• [Goal of the exercise]
Only the lines from the one with "a bathroom with a sink and a mirror" to the end of the data below should be returned, each exactly as it stands.

Records from a data source
- - - -
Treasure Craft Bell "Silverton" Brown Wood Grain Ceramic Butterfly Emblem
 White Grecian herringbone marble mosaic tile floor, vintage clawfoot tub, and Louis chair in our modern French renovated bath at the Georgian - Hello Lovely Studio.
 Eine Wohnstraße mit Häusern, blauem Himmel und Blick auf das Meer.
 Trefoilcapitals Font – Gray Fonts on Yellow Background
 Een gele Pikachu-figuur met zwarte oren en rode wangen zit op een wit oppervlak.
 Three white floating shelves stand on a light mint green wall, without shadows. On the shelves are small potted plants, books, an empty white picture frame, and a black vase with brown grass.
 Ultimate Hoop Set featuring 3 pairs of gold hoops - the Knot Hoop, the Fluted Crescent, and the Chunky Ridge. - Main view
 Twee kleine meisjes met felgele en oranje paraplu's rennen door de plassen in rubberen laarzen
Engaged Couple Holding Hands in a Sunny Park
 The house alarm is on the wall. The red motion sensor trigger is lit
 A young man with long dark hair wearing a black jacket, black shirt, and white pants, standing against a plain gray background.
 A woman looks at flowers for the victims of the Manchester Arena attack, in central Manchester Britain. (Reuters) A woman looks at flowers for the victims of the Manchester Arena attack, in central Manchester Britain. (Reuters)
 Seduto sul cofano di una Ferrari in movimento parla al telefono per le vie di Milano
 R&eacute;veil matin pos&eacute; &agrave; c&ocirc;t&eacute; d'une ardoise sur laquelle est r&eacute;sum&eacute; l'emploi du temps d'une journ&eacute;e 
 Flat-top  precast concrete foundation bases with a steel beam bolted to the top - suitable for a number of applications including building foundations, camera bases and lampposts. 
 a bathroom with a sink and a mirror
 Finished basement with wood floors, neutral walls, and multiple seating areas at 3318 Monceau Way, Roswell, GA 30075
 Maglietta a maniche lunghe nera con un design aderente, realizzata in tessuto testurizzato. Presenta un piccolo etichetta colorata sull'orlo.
- - - -
• [The completed task]
 a bathroom with a sink and a mirror
 Finished basement with wood floors, neutral walls, and multiple seating areas at 3318 Monceau Way, Roswell, GA 30075
 Maglietta a maniche lunghe nera con un design aderente, realizzata in tessuto testurizzato. Presenta un piccolo etichetta colorata sull'orlo.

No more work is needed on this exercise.